__WORK ORDER__.
Directions for the data below: repeat exactly the lines from the one with "925 Sterling Silver" through the one with "Ralph Lauren black", both included, and omit all pictures.

__INFORMATION SHOWN__.
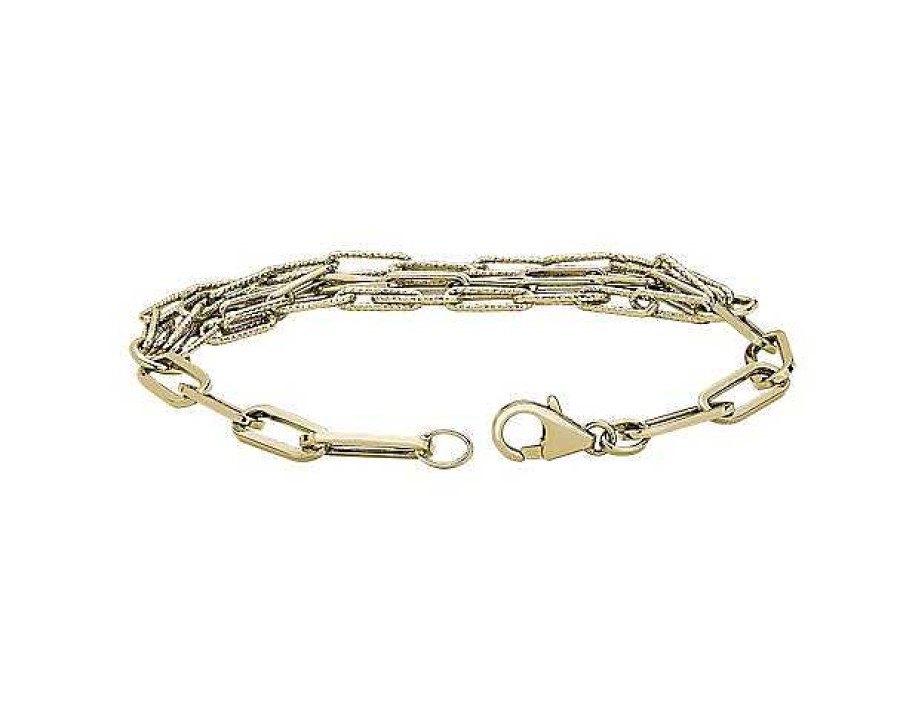 Bracelets | Blue Nile 7.25" Five Row Paperclip Bracelet In 14K Italian Yellow Gold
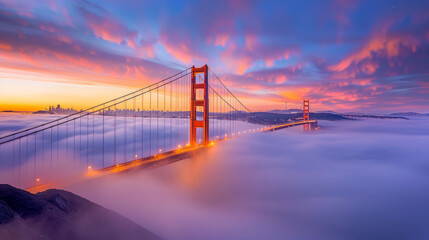 Dawn breaks over San Francisco's Golden Gate Bridge in majestic colors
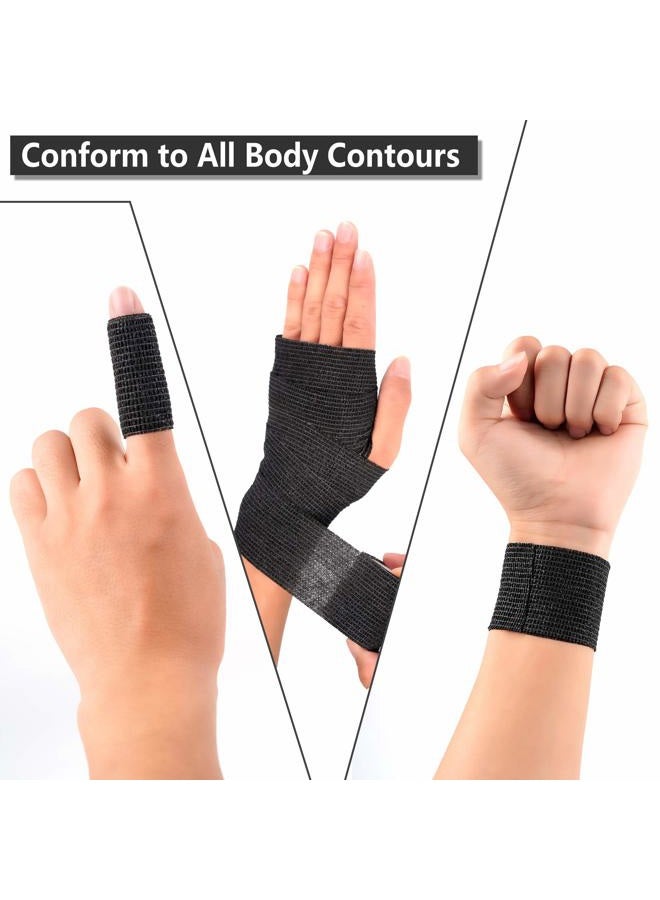 Mooerca 12 Pack Self Adherent Cohesive Wrap Bandages 2 Inches X 5 Yards, First Aid Tape, Elastic Self Adhesive Tape, Athletic, All Sports wrap Tape, Breathable Wound Tape, Bandage Wrap for Wrist, Ankle, Black - Image 2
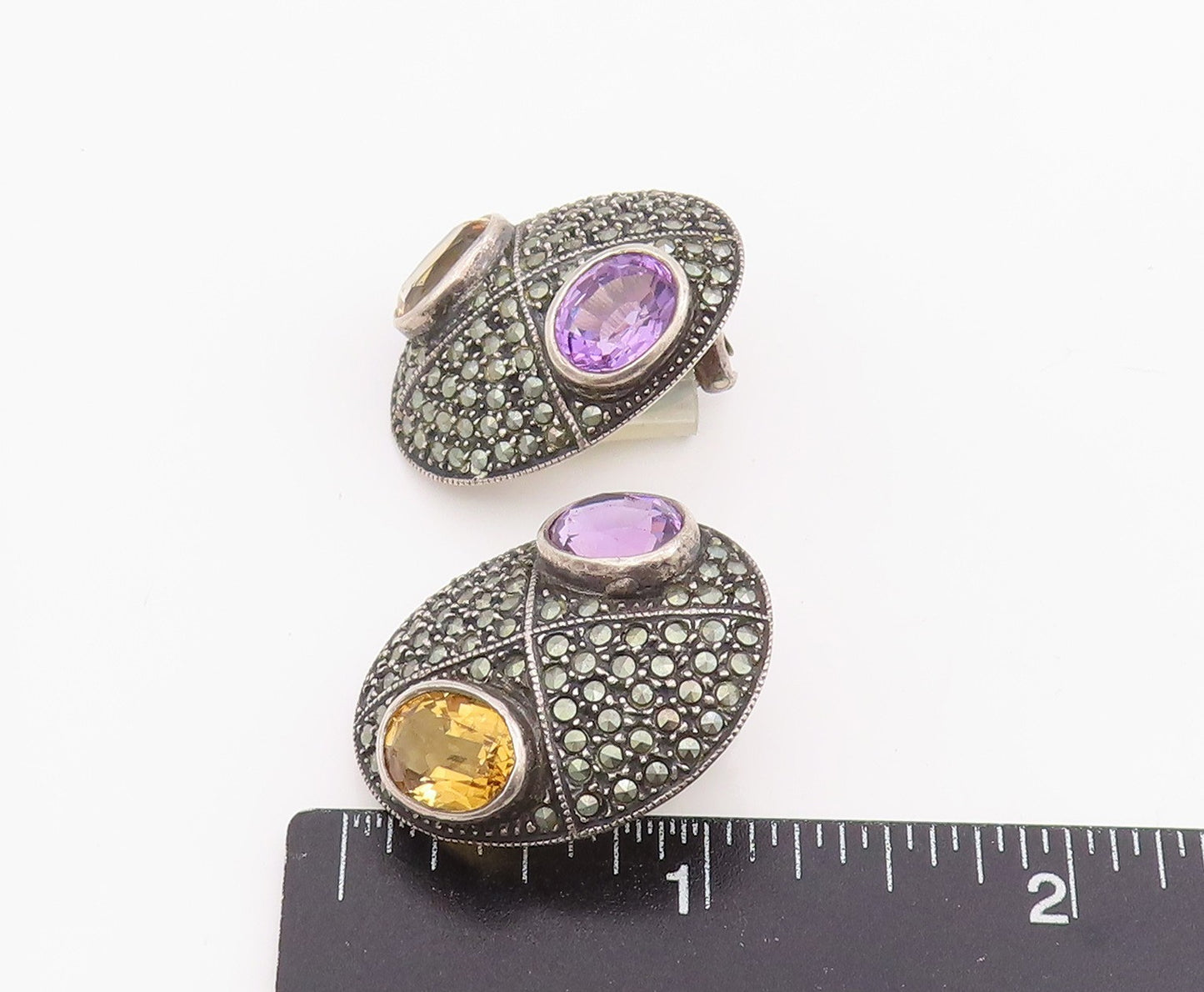 925 Sterling Silver Vintage Earrings JUDITH JACK Amethyst & Citrine  EG13946
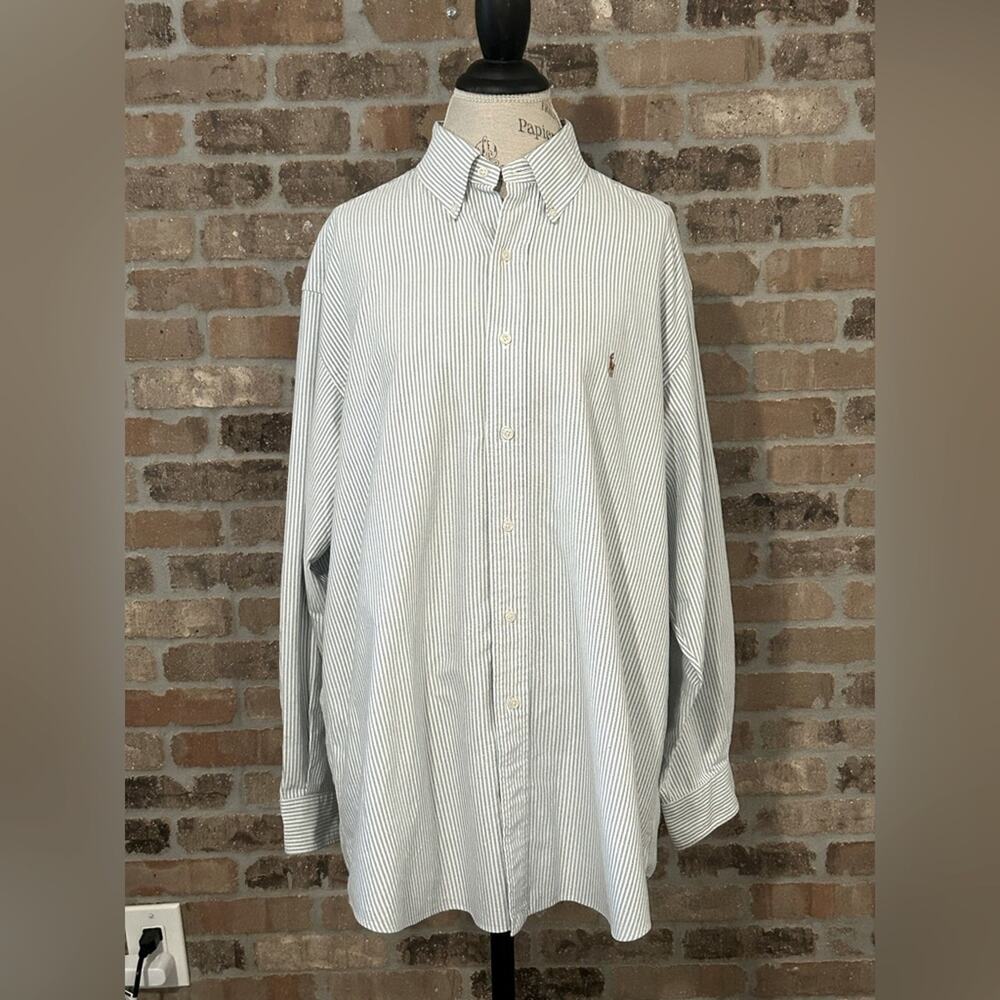 Ralph Lauren black label Yarmouth 100% cotton striped button down shirt 17-34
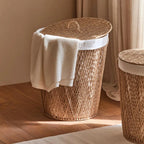 Japanese Style Rattan Laundry Hamper with Lid - Breathable Dustproof Dirty Clothes Basket for Bathroom,Laundry Room Storage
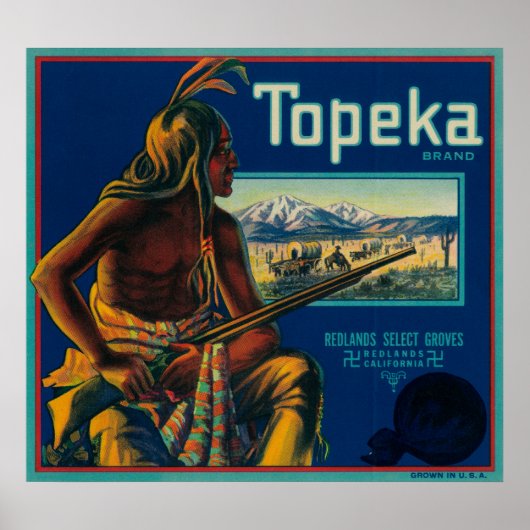 Topeka merk Citrus Crate Label Poster (Voorkant)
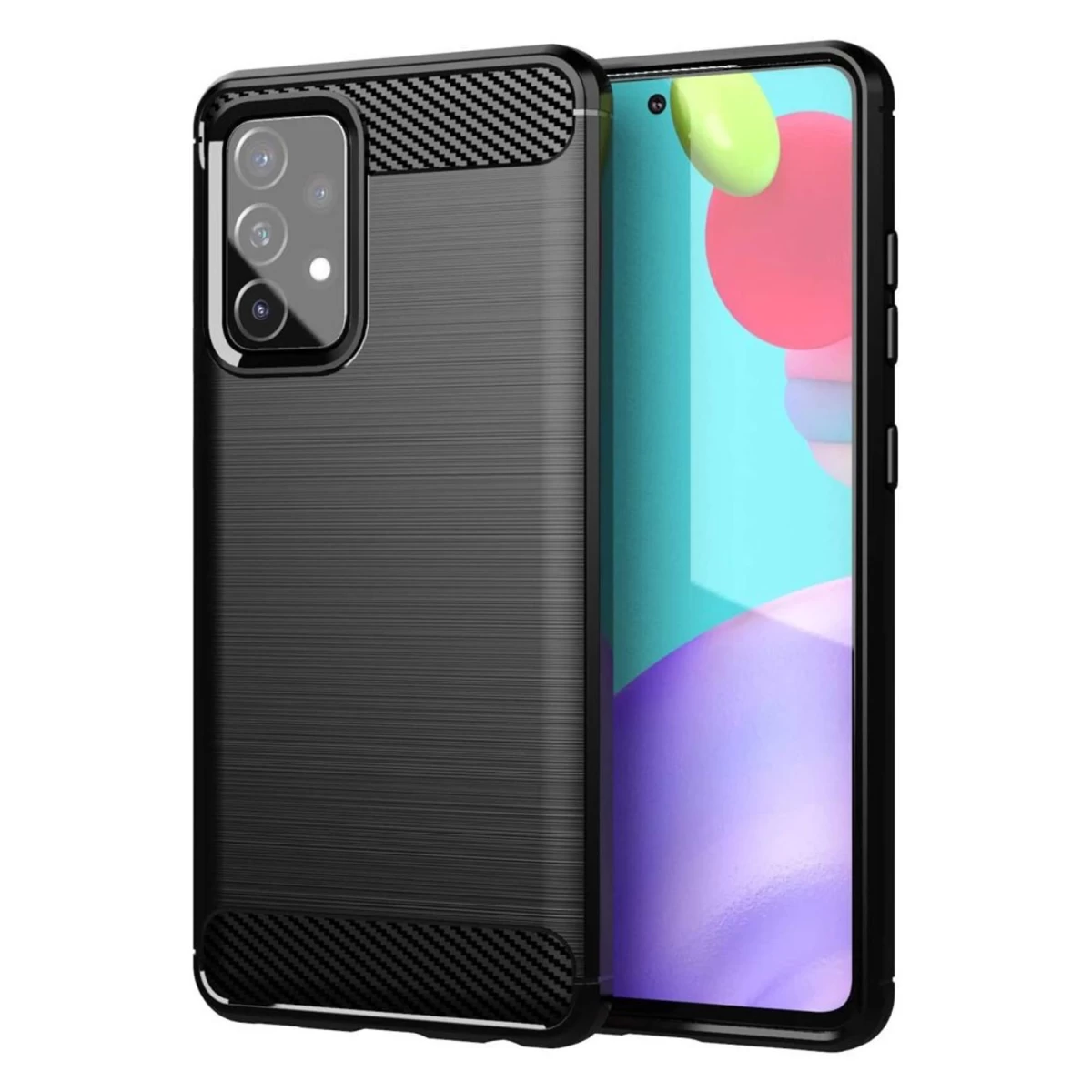Carbon Case Lankstus Dėklas Samsung Galaxy A72 4g Juodas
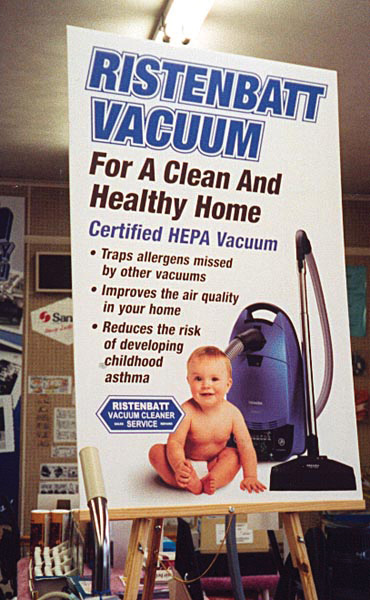 Ristenbatt Vacuum easel sign printed and finished by Weber Advertising in Lancaster, PA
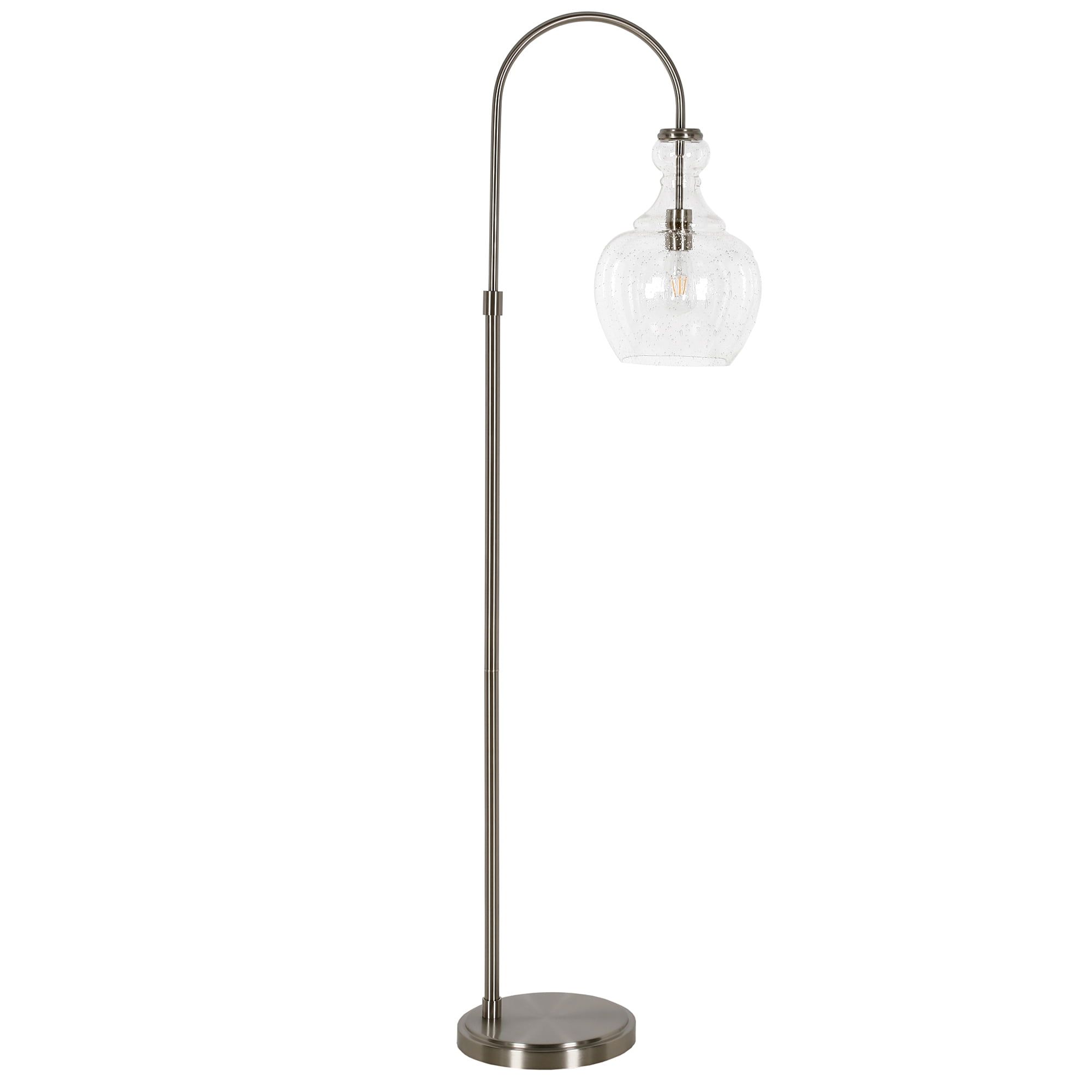 Brushed Nickel Arc Floor Lamp with Seeded Glass Shade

__ANSWER TO THIS PROBLEM__.
 925 Sterling Silver Vintage Earrings JUDITH JACK Amethyst & Citrine  EG13946
 Ralph Lauren black label Yarmouth 100% cotton striped button down shirt 17-34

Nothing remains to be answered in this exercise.